Ideally, this new mathematician should also have devoted approximately the same number of works to the same mathematical domains as Hermite did. Indeed, as my second case-study shows, mathematical domains are not indifferent to the matters of specificities of words and grammatical categories.

3 The theory of algebraic surfaces

Turning now to the theory of algebraic surfaces, the corpus of reference is made of all the papers dealing with this subject, written in German and published in Mathematische Annalen between 1869 and 1898.⁠¹⁵⁠The results of the present section come from [⁠8⁠ F. Lê, Le théorie des surfaces algébriques dans les Mathematische Annalen à l’épreuve de la textométrie (1869–1898). Rev. Histoire Math. 28, 1–45 (2022) ]. This represents 75 papers and 632,926 words. A notable difference with the Hermite–Jordan case is that the corpus is a collective one: 26 authors are to be counted, the most prolific of whom are Alfred Clebsch (1833–1872) and Rudolf Sturm (1841–1919), with 6 and 7 papers, respectively.

When tackling this corpus on algebraic surfaces, the issue was not to deal with the notion of style. My intention was to see what original information on the corpus could be brought by textometric techniques, by investigating the words of natural language, the punctuation marks and the symbols $*$ and # standing for mathematical formulas.

To get a first view on the corpus, let us consider the common nouns and the proper nouns that appear the most (see Table ⁠3⁠).

*Table 3:*
The most frequent lemmas of common nouns and proper nouns in the corpus on algebraic surfaces.
Common nouns	Freq.	Proper nouns	Freq.
Fläche	8,041	Clebsch	114
Punkt	7,876	Cayley	66
Kurve	4,934	Cremona	60
Ordnung	4,698	Salmon	57
Gerade	4,458	Zeuthen	45
Ebene	4,020	Schläfli	49
Gleichung	2,544	Sturm	41
Knotenpunkt	1,398	Fiedler	41
Kegel	1,308	Crelle	36
Schar	1,176	Kummer	27
Grad	1,163	Lie	26
Doppelpunkt	113	Borchardt	25
Abbildung	990	Schubert	24
Zahl	971	Noether	21

The common nouns are not very surprising: they designate the main objects of the research on algebraic surfaces at the end of the 19th century, and associated objects and notions. For instance, Fläche, Punkt, Kurve, Gerade mean “surface,” “point,” “curve” and “line,” while Ordnung and Gleichung mean “order” (a synonym of degree) and “equation.” Two nouns at the end of the list hint at particular topics that we will encounter again later: Abbildung, which can be translated as “representation,” refers to the question of representing a surface on another one (typically, the plane), which can be interpreted nowadays as establishing a birational transformation between these surfaces. The word Zahl (“number”) recalls that many enumerative questions are dealt with in the corpus.

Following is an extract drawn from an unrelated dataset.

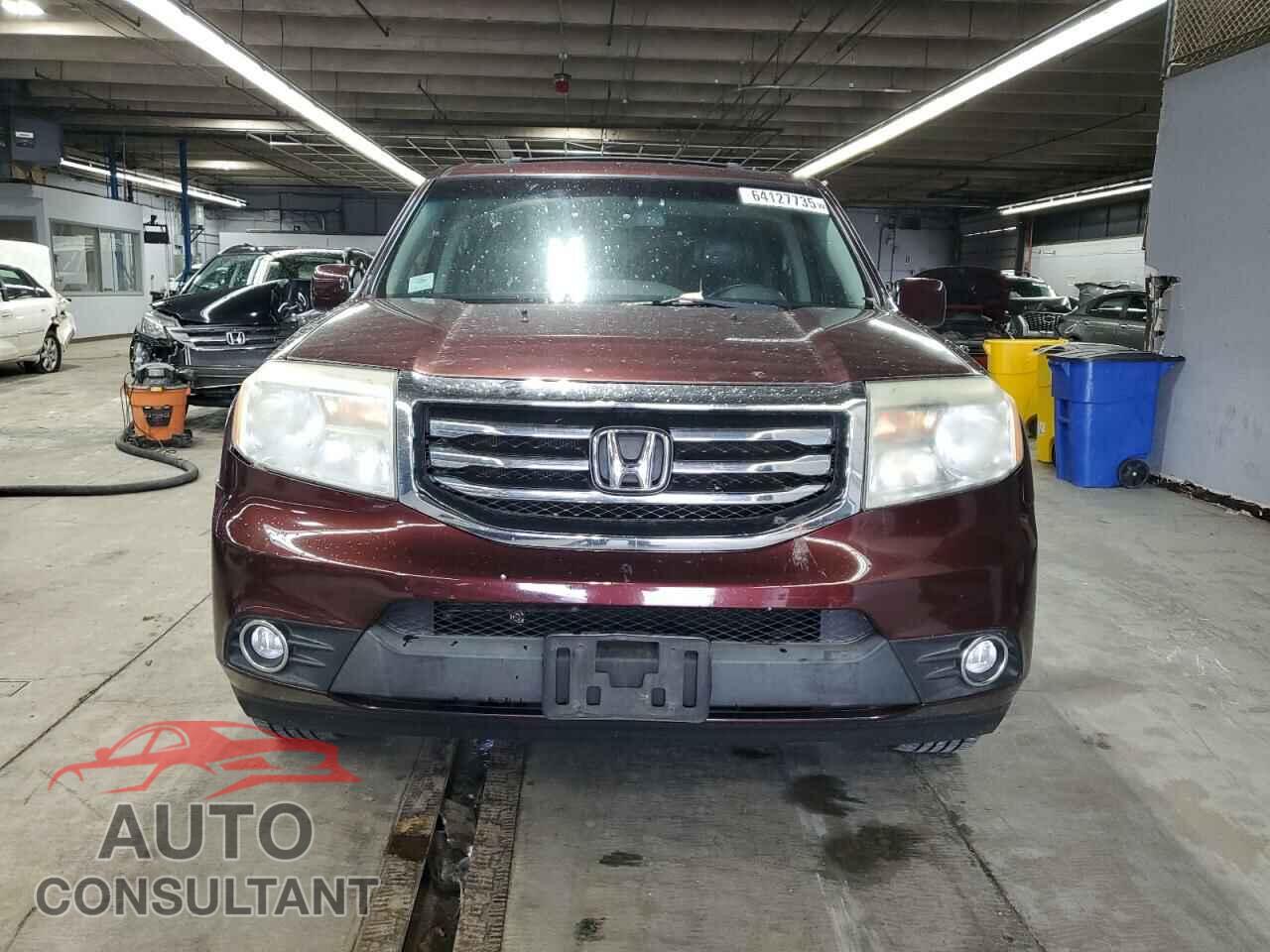 HONDA PILOT 2012 - 5FNYF4H5XCB019508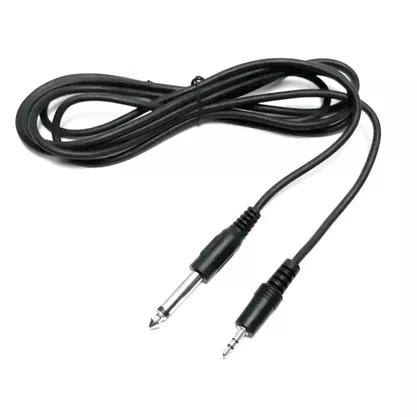 Cabo de áudio P2+P10 2M X-CELL Xc-p2xp10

As for the proper nouns, let me just note that the trio composed of Alfred Clebsch, Arthur Cayley and Luigi Cremona dominate the list – they form what Wilhelm Fiedler called “the capital C, which is now […] marching at the head of mathematical Europe in the field of analytic geometry.”⁠¹⁶⁠Letter from Fiedler to Cremona, dated March 1867. See [⁠6⁠ G. Israel (ed.), Correspondence of Luigi Cremona (1830–1903). Vol. I. De Diversis Artibus 97, Brepols Publishers, Turnhout (2017) ]. The presence of George Salmon’s name among the most used ones reflects the fact that his famous books on analytic geometry, including the Treatise on the Analytic Geometry of Three Dimensions (four editions in 1862, 1865, 1874, 1882), are widely cited at the time.

It would be possible to deepen such little investigations. Rather, I would like to present two other pictures of the corpus, corresponding to two ways of looking at it. The first one consists in confronting the corpus to another one, in the image of what has been done for Hermite. The second one uses techniques of lexical classification of the texts of the corpus.

3.1 Surfaces vs. invariants

The corpus of comparison that has been chosen is made of all the papers dealing with invariant theory,⁠¹⁷⁠In the 19th century, invariants are objects associated with $n$ -ary forms. For instance, the discriminant $Δ = b^{2} - a c$ is an invariant of the quadratic form $f = a x^{2} + 2 b x y + c y^{2}$ : if $(x, y)$ is transformed into $(x^{'}, y^{'})$ by an invertible linear transformation of determinant $r$ , and if one writes $f = a^{'} x^{'2} + 2 b^{'} x^{'} y^{'} + c^{'} y^{'2}$ , then $b^{'2} - a^{'} c^{'} = r^{k} (b^{2} - a c)$ for an appropriate integer $k$ . written in German and published in Mathematische Annalen during the same period as above, between 1869 and 1898. This algebraic corpus gathers 105 articles and 460,327 words. The authors are 39 in number, among whom 8 also contribute to the theory of surfaces.

A function provided by the software TXM computes the co-occurrents of given terms, that is, words which appear significantly more than others in all the neighbourhoods of the given ones. For instance, let us consider the co-occurrents of the words having Gleichung (“equation”) as their lemma. The first results are given in Table ⁠4⁠ where, for the sake of clarity, articles, propositions and other function words have been excluded. The specificity scores that can be seen in the table measure how characteristic the co-occurrence is.

*Table 4:*
The most specific lemmas of the content words which are co-occurrents to the lemma *Gleichung*.
Surfaces
Co-occurrent	Spec.
Gleichung	74
Form	53
Wurzel	28
setzen	27
stellen	24
Elimination	23
eliminieren	20
Faktor	19
befriedigen	18
erhalten	17
Koordinate	17
homogen	15
genügen	15

Some of the co-occurrents are in the two lists, such as Wurzel (“root”), befriedigen (“to satisfy”) and Elimination. They are part of the standard vocabulary associated with algebraic equations, and their attraction to Gleichung is quite natural.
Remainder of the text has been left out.